Last week I received my Shetland Wool Week Annual 2016 through the post. I had been anticipating its arrival ever since I ordered it. Shetland Wool Week is one of the knitting events I am dreaming of attending. But for now the Annual will have to do!
Leaving through it for the first time the amazing photos stood out immediately. They show places on Shetland and if they do one thing, it is making you want to go there.
However, the Annual has more to offer than pretty pictures. It includes 10 patterns for hats, a shawl, leg warmers, a cardigan and display a variety of Shetland knitting techniques often with a modern twist. I think my favourites are Donna Smith’s Sanik Shawl and Marian B. Leslie’s Sleeveless Spencer.
The patterns are well written and include charts for colour work that are easy to follow. However, what I personally like best are the little interview with each designer that precede the patterns. I think it is a great idea to get to know the designers a little and include questions on when they learned to knit as well as questions about their design process.
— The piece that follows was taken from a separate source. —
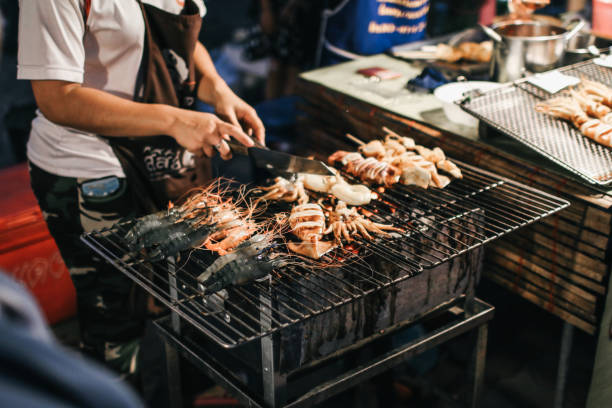 chef cozinhar delicioso churrasco de cozinha asiática grelhado lula fresca em um fogão a carvão para venda no mercado local. festa de frutos do mar assados mercado noturno de comida de rua tailandês. lula e polvo grelhados. - adulation asia cooked food - fotografias e filmes do acervo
It is really interesting to find out when designers learned to knit and who taught them. It seems that most of them learned to knit as children. Which I find really interesting as someone who learned knitting in their twenties.
Besides knitting patterns, you can also find a number of essays in the book. As someone who is interested in different knitting techniques, I really enjoyed reading Donna Smith’s essay ‘The Maakin Belt’. It explains the use of knitting belts. A tool that has been used by knitters in Shetland for generations. It is used with DPNs and allows knitters to knit faster, really important if your income is derived from knitting.
I had heard of knitting belts before but never really understood what they were for or why they were used. Donna Smith explains it really well and has made me want to try it. I am curious if it also works for continental knitting. Does anyone know?
The other essay I found really interesting was written by Roslyn Chapman and is entitled ‘Truck and Barter: Knitting for Nothing but Goods’. She investigates the system of payment, in some place used as late as the 1930s, of paying knitters with goods rather than cash.
First, of all the article really made me think about what it means to live off your knitting. I knit and design because I enjoy it. Yes, I am trying to make a little money form it but I am in no way dependent on. This was completely different for the people on Shetland and did for a while result in an unfair power of shopkeepers over knitters. Even though Roslyn discusses historical events I believe that similar situations of dependency and uneven distribution exist today which is why, for me at least, this is a very relevant article which also displays how, through advocating and spreading knowledge, these things can be changed, however slow this process might be.
The annual finishes off with a review of Shetland Textile Books and I have to admit I am very tempted by a few of them including ‘The Book of Haps‘ by Kate Davies Design.
Overall, I thought the Annual is very well done and has a great selection of patterns and essays. I good read that I am sure I will pick up again for inspiration and dreaming about Shetland.